TL;DR
SEVered demonstrates a practical attack on AMD SEV, enabling a malicious hypervisor to extract full plaintext memory contents from encrypted virtual machines without physical access, even under high load.
Contribution
We introduce SEVered, a novel attack that compromises AMD SEV encryption by extracting memory contents remotely without physical access or VM collusion.
Findings
Successfully extracted full memory contents from encrypted VMs.
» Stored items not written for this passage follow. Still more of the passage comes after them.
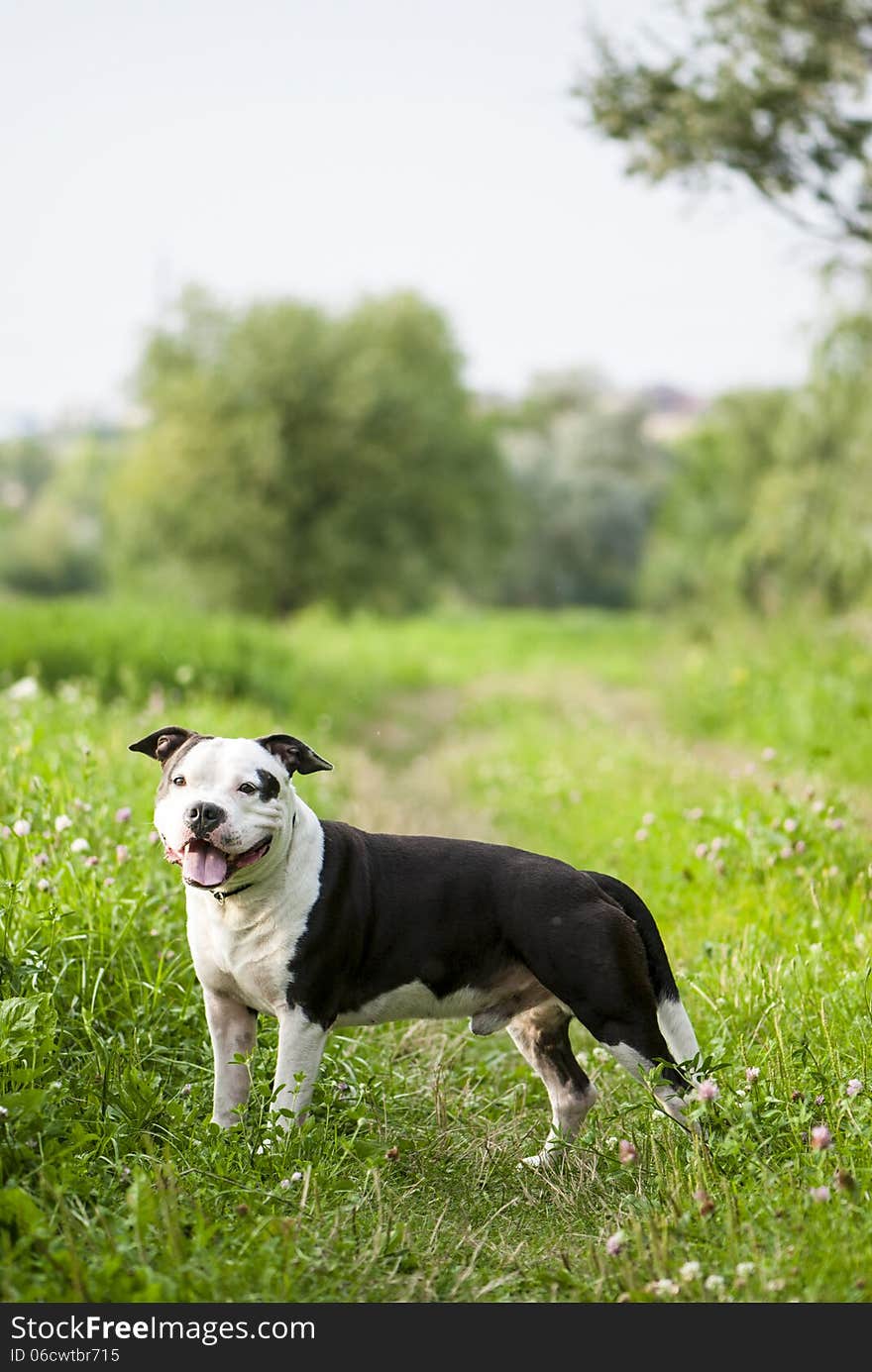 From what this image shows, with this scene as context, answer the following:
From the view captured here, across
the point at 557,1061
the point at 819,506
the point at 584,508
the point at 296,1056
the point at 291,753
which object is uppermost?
the point at 584,508

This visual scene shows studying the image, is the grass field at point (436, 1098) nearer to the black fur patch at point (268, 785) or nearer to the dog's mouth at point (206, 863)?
the dog's mouth at point (206, 863)

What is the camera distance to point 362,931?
3.67 m

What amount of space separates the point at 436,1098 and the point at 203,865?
1282 millimetres

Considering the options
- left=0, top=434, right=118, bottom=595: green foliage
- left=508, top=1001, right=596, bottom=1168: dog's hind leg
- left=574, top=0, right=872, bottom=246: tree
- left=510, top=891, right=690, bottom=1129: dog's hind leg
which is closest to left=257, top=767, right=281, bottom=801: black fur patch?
left=510, top=891, right=690, bottom=1129: dog's hind leg

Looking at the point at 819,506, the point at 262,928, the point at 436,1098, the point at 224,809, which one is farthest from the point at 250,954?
the point at 819,506

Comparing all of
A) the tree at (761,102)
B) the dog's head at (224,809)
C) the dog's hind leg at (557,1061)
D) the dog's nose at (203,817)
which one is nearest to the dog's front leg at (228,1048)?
the dog's head at (224,809)

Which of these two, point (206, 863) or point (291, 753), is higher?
point (291, 753)

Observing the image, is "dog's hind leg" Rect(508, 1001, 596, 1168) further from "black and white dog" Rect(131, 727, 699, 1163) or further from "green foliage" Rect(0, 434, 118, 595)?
"green foliage" Rect(0, 434, 118, 595)

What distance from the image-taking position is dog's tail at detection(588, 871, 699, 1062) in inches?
146

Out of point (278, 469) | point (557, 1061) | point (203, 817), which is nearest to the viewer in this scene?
point (203, 817)

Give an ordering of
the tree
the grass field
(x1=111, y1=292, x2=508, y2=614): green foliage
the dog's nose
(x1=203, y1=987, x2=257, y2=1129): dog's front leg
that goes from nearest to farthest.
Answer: the grass field < the dog's nose < (x1=203, y1=987, x2=257, y2=1129): dog's front leg < the tree < (x1=111, y1=292, x2=508, y2=614): green foliage

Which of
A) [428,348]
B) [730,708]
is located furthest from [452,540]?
[730,708]

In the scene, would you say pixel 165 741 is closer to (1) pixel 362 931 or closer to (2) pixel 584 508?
(1) pixel 362 931

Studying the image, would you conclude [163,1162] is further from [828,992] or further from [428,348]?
[428,348] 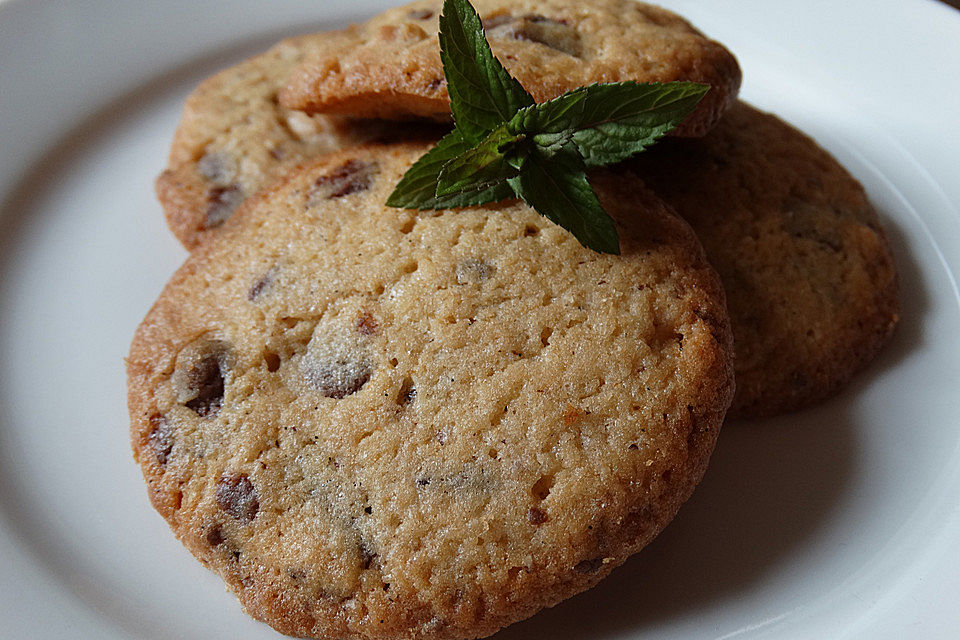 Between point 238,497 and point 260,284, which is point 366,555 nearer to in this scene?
point 238,497

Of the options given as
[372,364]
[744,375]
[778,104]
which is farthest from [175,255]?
[778,104]

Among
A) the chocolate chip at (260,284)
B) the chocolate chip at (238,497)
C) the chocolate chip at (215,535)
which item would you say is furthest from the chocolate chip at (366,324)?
the chocolate chip at (215,535)

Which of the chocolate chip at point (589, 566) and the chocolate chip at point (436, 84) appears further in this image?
the chocolate chip at point (436, 84)

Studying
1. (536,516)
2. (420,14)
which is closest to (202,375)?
(536,516)

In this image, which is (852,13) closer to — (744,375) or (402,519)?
(744,375)

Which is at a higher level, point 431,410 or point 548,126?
point 548,126

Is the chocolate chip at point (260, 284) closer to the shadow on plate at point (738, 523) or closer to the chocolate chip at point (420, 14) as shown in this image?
the chocolate chip at point (420, 14)

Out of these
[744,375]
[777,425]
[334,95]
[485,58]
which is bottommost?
[777,425] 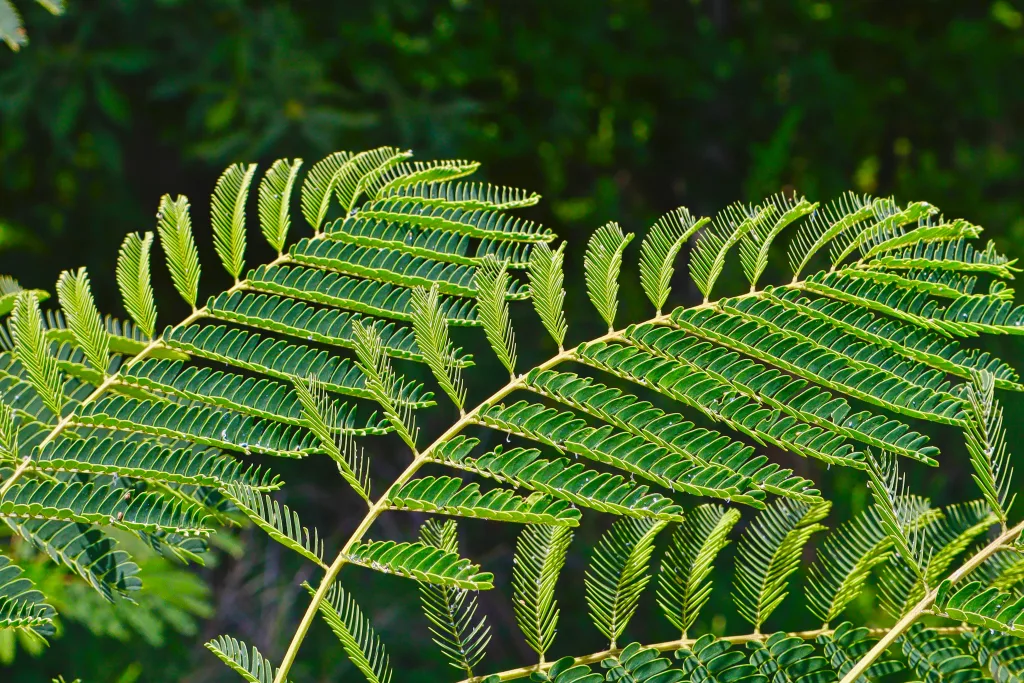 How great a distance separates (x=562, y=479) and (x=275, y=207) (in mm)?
507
Effective under high load conditions.
Works without physical access or VM collusion.
Abstract
AMD SEV is a hardware feature designed for the secure encryption of virtual machines. SEV aims to protect virtual machine memory not only from other malicious guests and physical attackers, but also from a possibly malicious hypervisor. This relieves cloud and virtual server customers from fully trusting their server providers and the hypervisors they are using. We present the design and implementation of SEVered, an attack from a malicious hypervisor capable of extracting the full contents of main memory in plaintext from SEV-encrypted virtual machines. SEVered neither requires physical access nor colluding virtual machines, but only relies on a remote communication service, such as a web server, running in the targeted virtual machine. We verify the effectiveness of SEVered on a recent AMD SEV-enabled server platform running different services, such as web or SSH servers, in encrypted…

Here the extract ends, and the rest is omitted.